Using the material below, print the line that contains "Košile Brixton Bowery", the line that contains "Mittoshop • Never", and every line in between, exactly and nothing else.

##### INFORMATION SHOWN

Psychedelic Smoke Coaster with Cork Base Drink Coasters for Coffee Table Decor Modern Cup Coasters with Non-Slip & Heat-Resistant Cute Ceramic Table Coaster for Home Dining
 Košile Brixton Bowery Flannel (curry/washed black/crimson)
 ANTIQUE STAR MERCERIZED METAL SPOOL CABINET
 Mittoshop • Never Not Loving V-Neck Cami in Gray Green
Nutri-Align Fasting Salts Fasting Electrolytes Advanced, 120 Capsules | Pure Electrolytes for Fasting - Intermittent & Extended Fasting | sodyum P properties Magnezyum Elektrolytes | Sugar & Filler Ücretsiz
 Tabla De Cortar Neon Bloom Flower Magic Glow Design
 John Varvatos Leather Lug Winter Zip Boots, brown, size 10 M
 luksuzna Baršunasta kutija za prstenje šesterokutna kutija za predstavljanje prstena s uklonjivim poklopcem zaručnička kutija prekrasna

##########

▸ **SOLUTION TO THE EXERCISE**
 Košile Brixton Bowery Flannel (curry/washed black/crimson)
 ANTIQUE STAR MERCERIZED METAL SPOOL CABINET
 Mittoshop • Never Not Loving V-Neck Cami in Gray Green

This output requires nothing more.